* _How to complete this task_
Using the records that follow, copy every line containing the word "href".

* _Record extracts_

----------

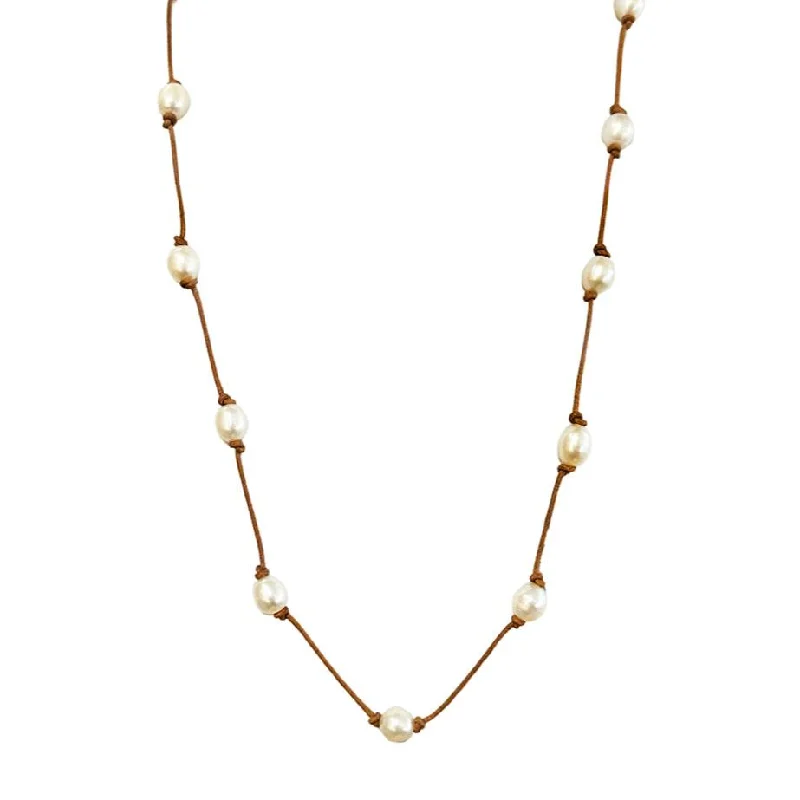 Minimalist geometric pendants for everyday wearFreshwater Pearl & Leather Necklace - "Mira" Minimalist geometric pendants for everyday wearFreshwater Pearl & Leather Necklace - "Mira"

----------

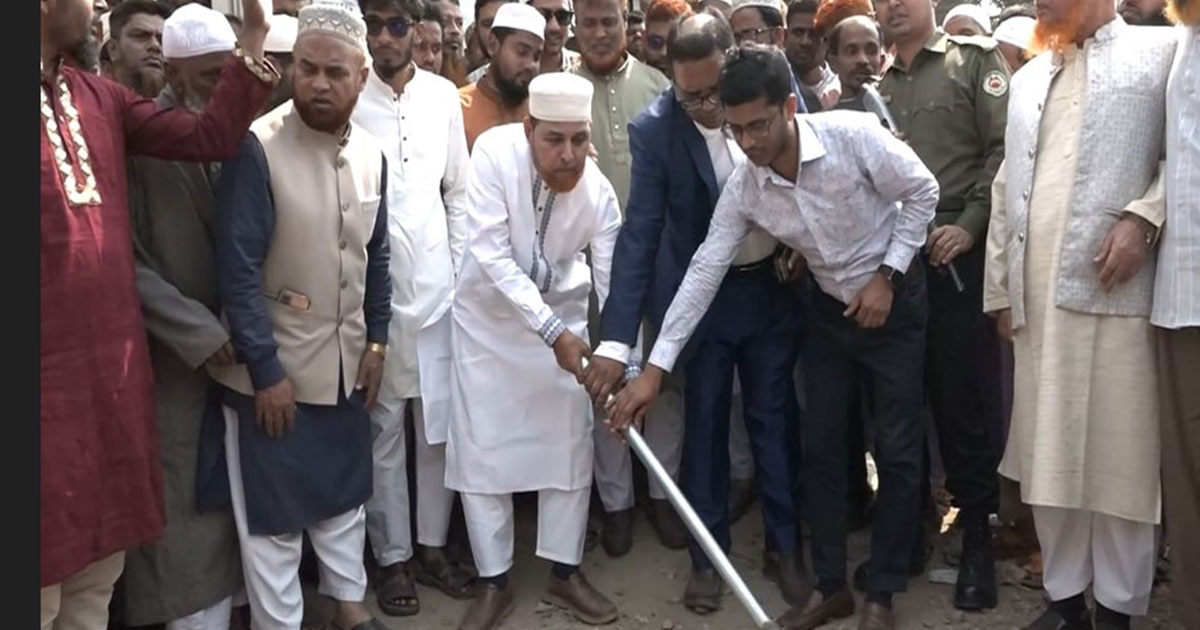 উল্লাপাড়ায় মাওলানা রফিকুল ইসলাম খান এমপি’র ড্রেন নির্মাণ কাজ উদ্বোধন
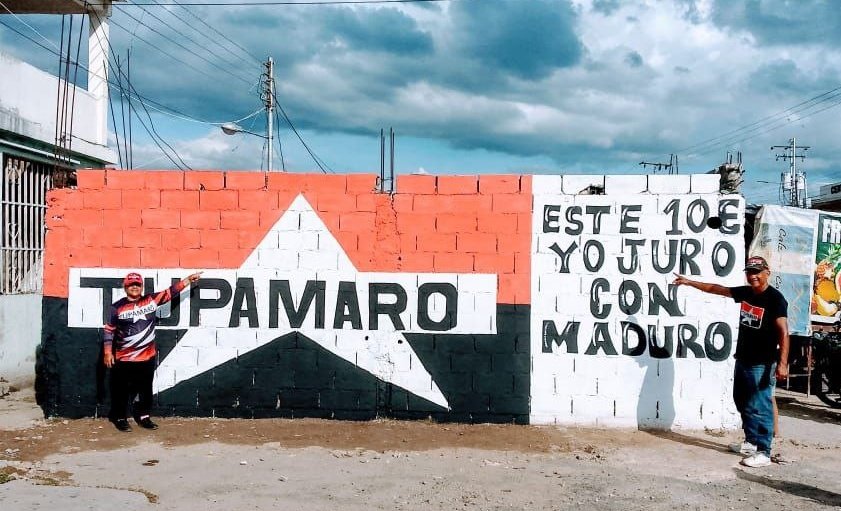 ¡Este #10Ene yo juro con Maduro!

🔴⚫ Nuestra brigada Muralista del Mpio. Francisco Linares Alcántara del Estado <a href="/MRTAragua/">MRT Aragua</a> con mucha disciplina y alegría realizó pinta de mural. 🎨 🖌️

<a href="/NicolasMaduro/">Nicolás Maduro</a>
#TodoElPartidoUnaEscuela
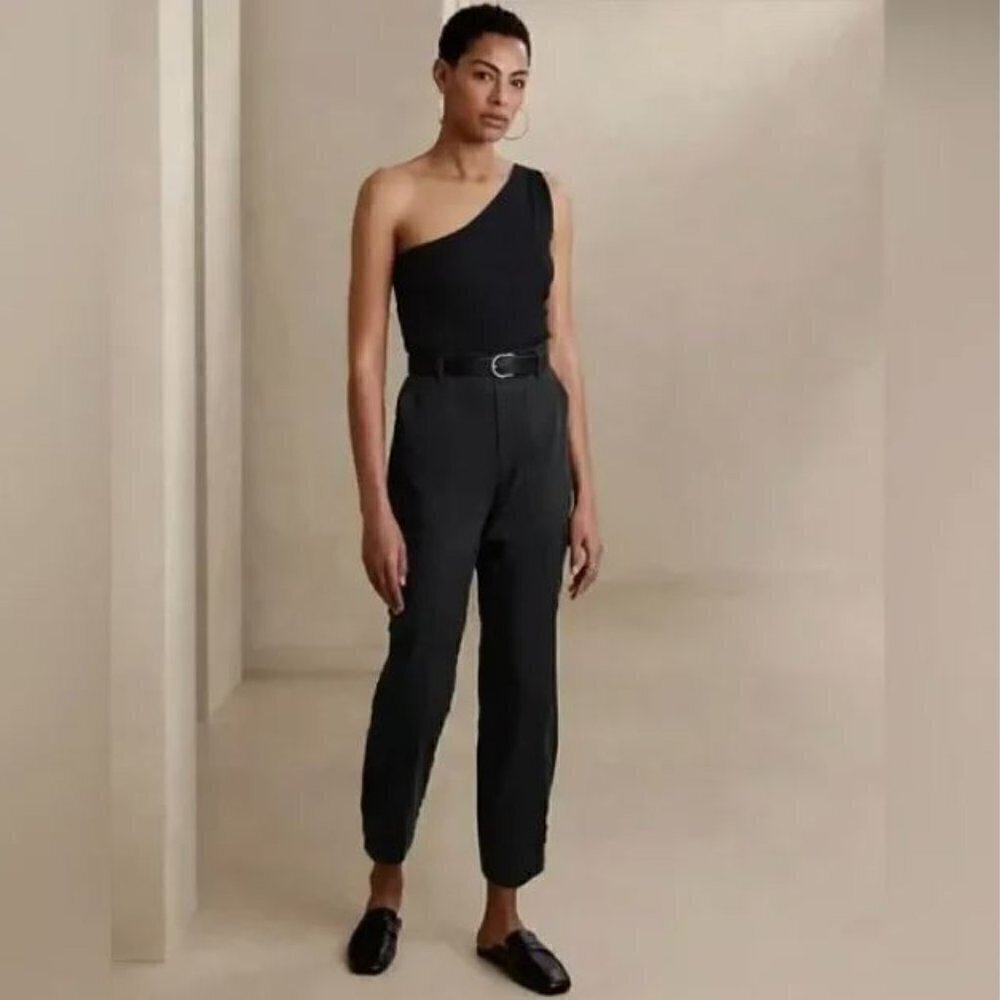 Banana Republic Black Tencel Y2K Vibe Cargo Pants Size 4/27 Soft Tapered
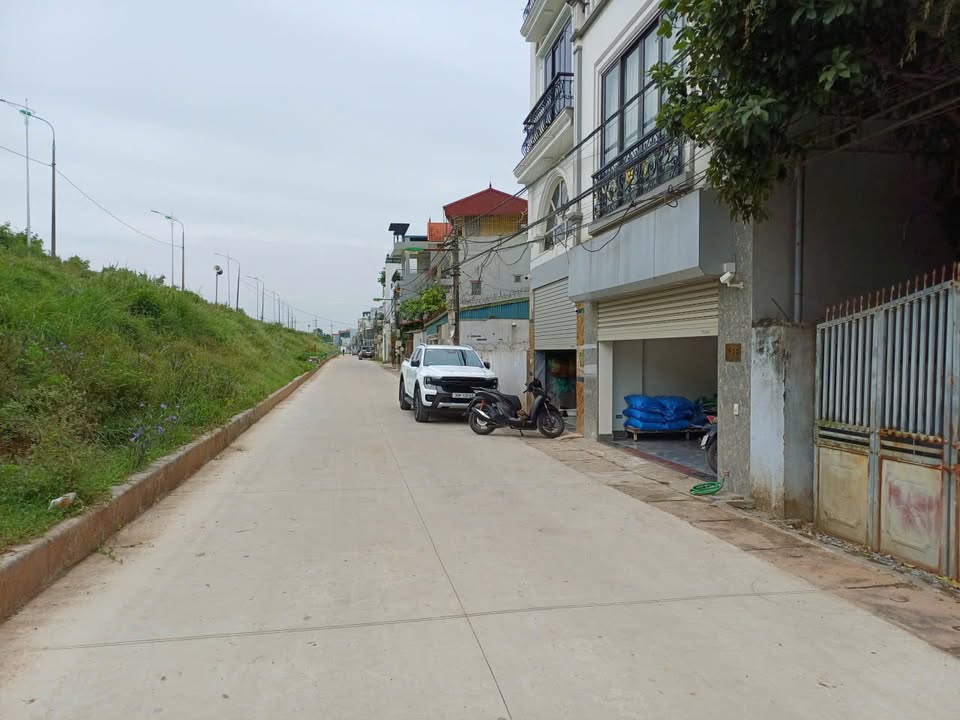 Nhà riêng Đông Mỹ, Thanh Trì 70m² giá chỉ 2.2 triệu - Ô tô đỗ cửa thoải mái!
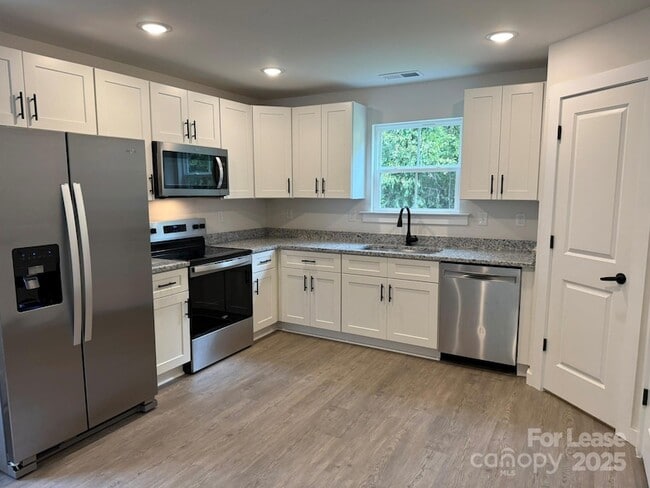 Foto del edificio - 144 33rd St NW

----------

* _Solution to this task_
🔴⚫ Nuestra brigada Muralista del Mpio. Francisco Linares Alcántara del Estado <a href="/MRTAragua/">MRT Aragua</a> con mucha disciplina y alegría realizó pinta de mural. 🎨 🖌️
<a href="/NicolasMaduro/">Nicolás Maduro</a>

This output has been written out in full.